Los derechos audiovisuales siguen siendo esenciales. Generan visibilidad, escala y puntos de entrada para audiencias y patrocinadores. Pero los medios distribuyen valor, no lo crean. Sin pabellones modernos, controlados y activos todo el año, el sistema depende en exceso de ciclos de renegociación y acuerdos a corto plazo, lo que lo vuelve estructuralmente frágil. El modelo sostenible está en el equilibrio. Los medios crean escala. Las infraestructuras crean permanencia. Cuando ambos avanzan juntos, los ecosistemas crecen. Cuando uno intenta sustituir al otro, el sistema se debilita. Esta fue también una de las limitaciones del acuerdo con IMG. La visibilidad y el retorno económico mejoraron, y es justo reconocer que IMG ejecutó correctamente muchas palancas del modelo. Sin embargo, esa mejora no vino acompañada de una transformación de la base estructural del sistema. El alcance creció, los ingresos aumentaron en ciertos ámbitos, pero la arquitectura económica subyacente permaneció prácticamente intacta.

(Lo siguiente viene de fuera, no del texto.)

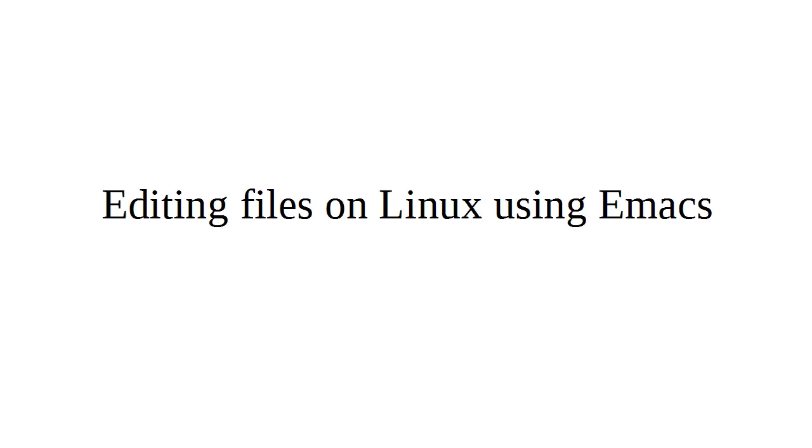Now let's take a look at editing files on Linux machines using Emacs. Emacs is an editor that was kind of popular for a while. It's not the most well-known editor and it's not the easiest one to use.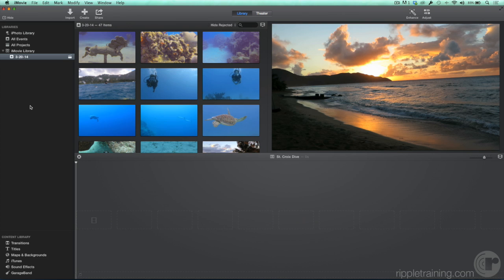iMovie makes it simple to add photos to your project and animate them. You can import photos, graphics, illustrations, or other still images into an event, just like video clips. But if you use iPhoto, there's an easier way.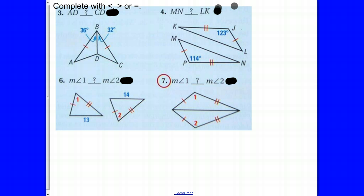Looking at number three: the question wants us to complete each statement with a less than, greater than, or equal symbol. The question is: is AD less than, greater than, or equal to segment CD? For the hinge theorem to work, we need two pairs of congruent sides — we have one pair here, and these two triangles share a side. We're looking at the 36-degree angle and the 32-degree angle between those two pairs of congruent sides. Since 36 degrees is more than 32 degrees, the side across from the larger angle is longer. So AD is greater than CD.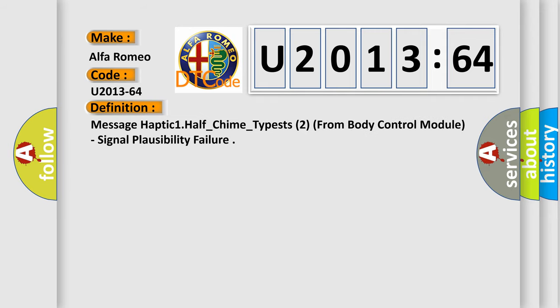The basic definition is: Message haptic 1 half underscore chime underscore typists 2 from body control module, signal plausibility failure.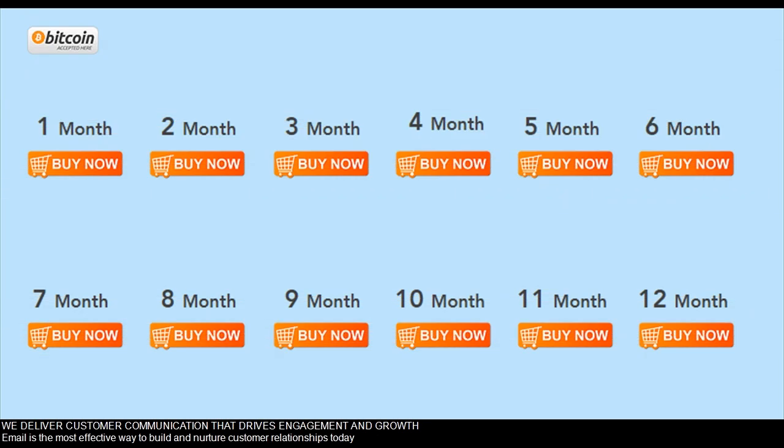We deliver customer communication that drives engagement and growth. Email is the most effective way to build and nurture customer relationships today.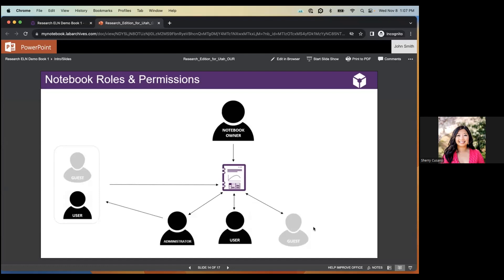The user role is the most commonly used access role in Lab Archives. By default, a user has read and write access to the entire notebook, and users are typically the main bench lab members. The administrator role also has read and write access to the entire notebook, but additionally has the ability to share — meaning they can add other users and guests to the notebook. Administrators are typically lab managers or supervisors.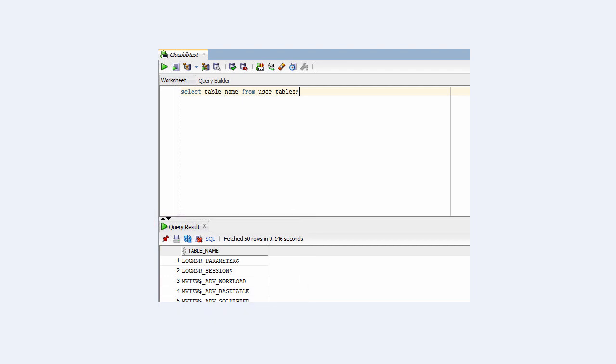And that's it. You now know how to connect to the database running in your Oracle Database Cloud Service VM. Thank you for watching.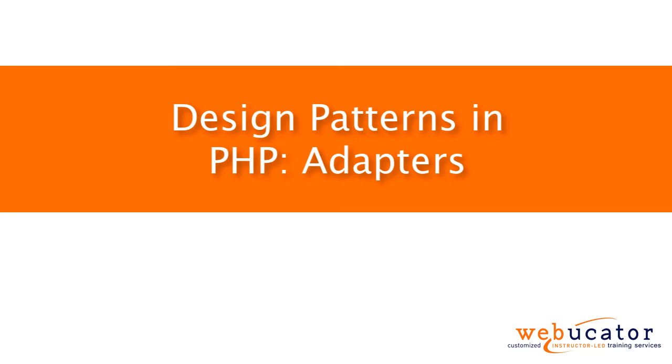Hello, this is Chris Minnick with Webucator. In this video, I'm going to show you the adapter design pattern in PHP.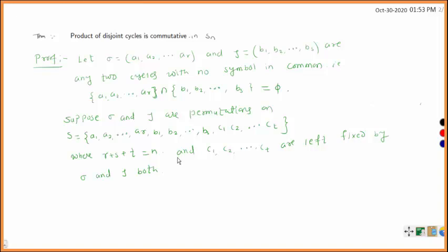Hello students. Now we are going to prove an important theorem related to cycles — that is, the product of disjoint cycles is commutative. Disjoint cycles means cycles having no symbol in common. Commutative means if you consider two disjoint cycles sigma and tau, then sigma tau and tau sigma will both give you the same result. Note that the product of cycles is not commutative in general, but the product of disjoint cycles is commutative.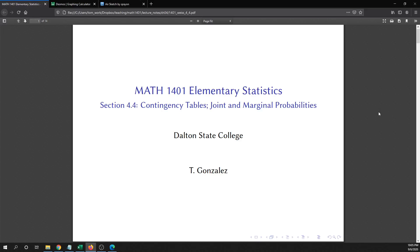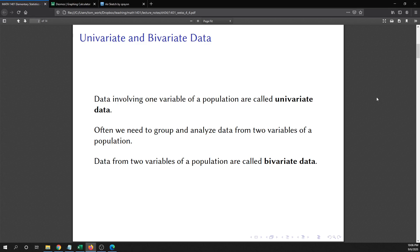In this video we are going to talk about section 4.4 on contingency tables and joint and marginal probabilities. First, the difference between univariate and bivariate data. Data involving one variable of a population is called univariate data, which is basically what we've been looking at up until this point. But a lot of times we are interested in two variables or even more. Data from two variables of a population are called bivariate data.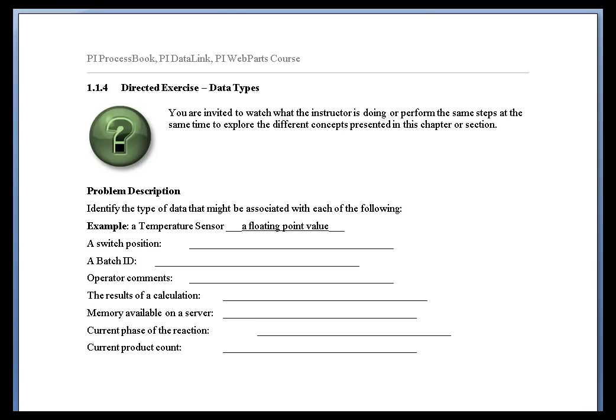Results of a calculation could be anything. Could be an integer, could be a real, could be a float 16 real, a float 32 real, or for real high accuracy, maybe a float 64. So you'd need something to support all those.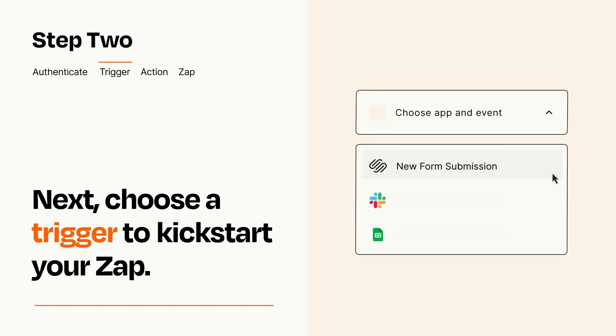Now let's set up your trigger, which is the event that starts your Zap. Pick the trigger event that you want from the list.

Si la pregunta es si el ecosistema está hoy sustancialmente mejor preparado a largo plazo gracias a ese modelo, la respuesta honesta es que probablemente no. Sin una estrategia paralela centrada en infraestructuras, control operativo y anclaje urbano, el crecimiento apoyado únicamente en derechos y distribución no es suficiente para sostener una industria en el tiempo.
La pregunta ya no es quién gana. Es quién construye.
En última instancia, este debate no va de excelencia deportiva. Va de infraestructuras, de ciudades y de responsabilidad. Los pabellones y los estadios son el corazón del sistema. Son el lugar donde el deporte se convierte en una plataforma económica, cultural y urbana permanente, donde las ciudades se comprometen, el capital obtiene visibilidad a largo plazo y el deporte se cruza con la cultura y la comunidad durante todo el año. Los medios amplifican. Las infraestructuras anclan. Ahí es donde la inversión realmente importa, donde el valor se acumula y donde se decidirá el futuro del baloncesto europeo. Porque al final, no se trata de quién gana más partidos, sino de quién construye y controla los lugares donde todo ocurre.
José Luis Rosa Medina es cofundador y Director General del Grupo NextStage.